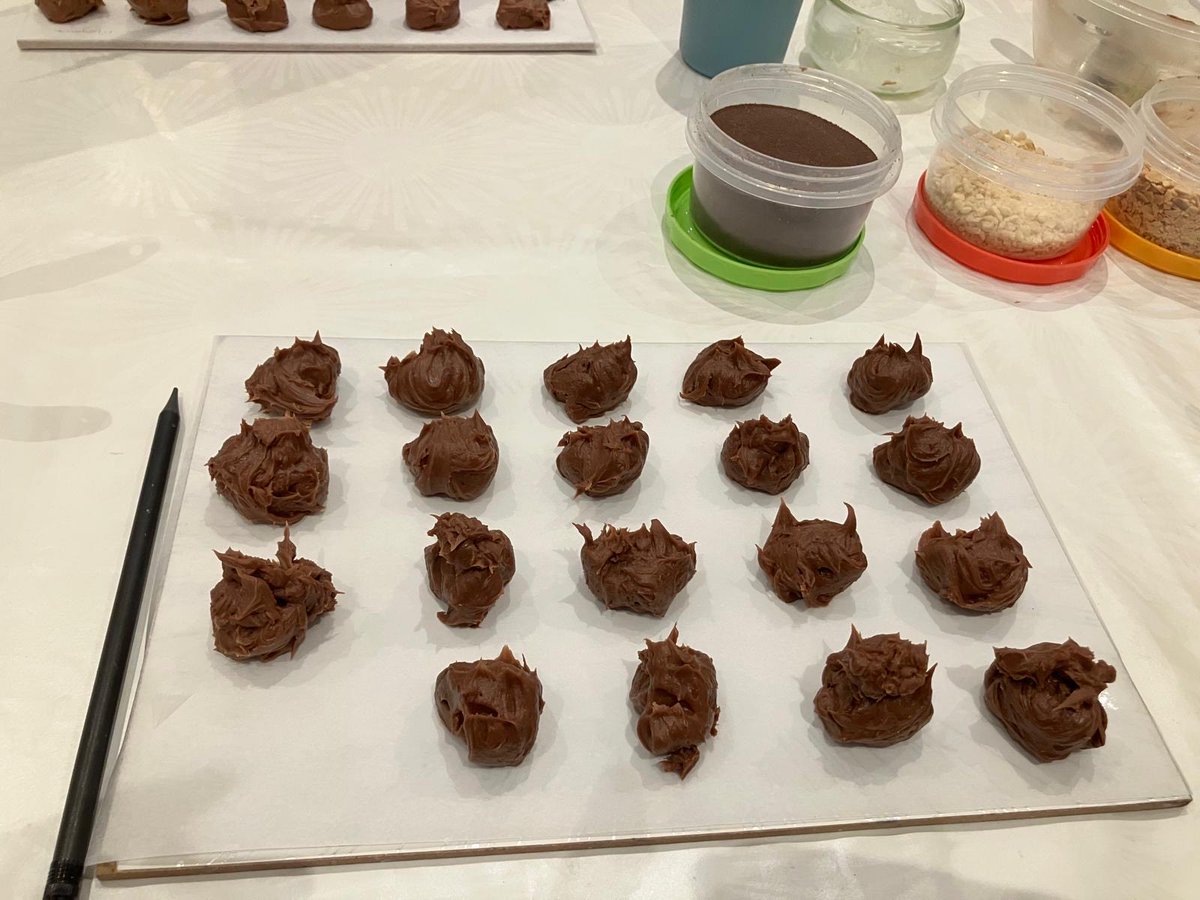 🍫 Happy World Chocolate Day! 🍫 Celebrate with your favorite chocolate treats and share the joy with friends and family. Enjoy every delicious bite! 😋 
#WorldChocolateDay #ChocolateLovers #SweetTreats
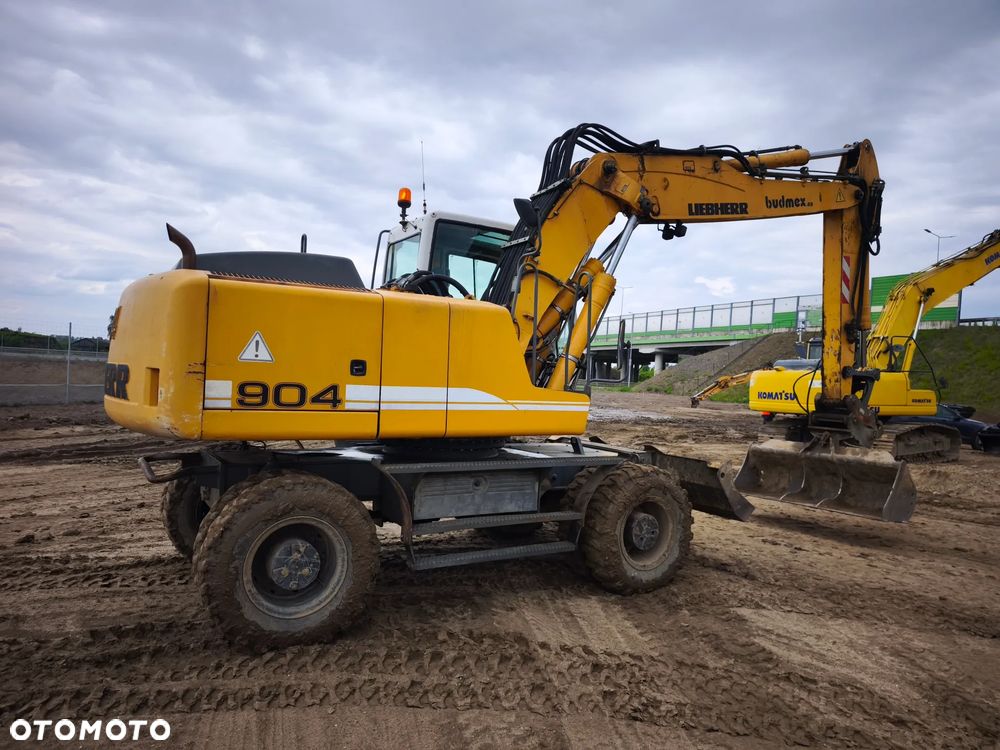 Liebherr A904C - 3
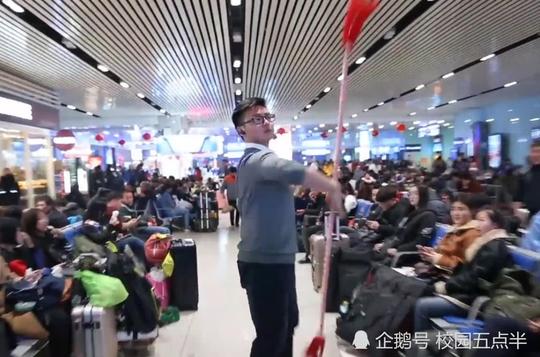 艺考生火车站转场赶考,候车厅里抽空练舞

TASK TO COMPLETE |
In your answer, copy exactly the lines running from the line with "#WorldChocolateDay #ChocolateLovers #SweetTreats" to the end of the material above, both included, and omit all pictures.

RESULT |
#WorldChocolateDay #ChocolateLovers #SweetTreats
 Liebherr A904C - 3
 艺考生火车站转场赶考,候车厅里抽空练舞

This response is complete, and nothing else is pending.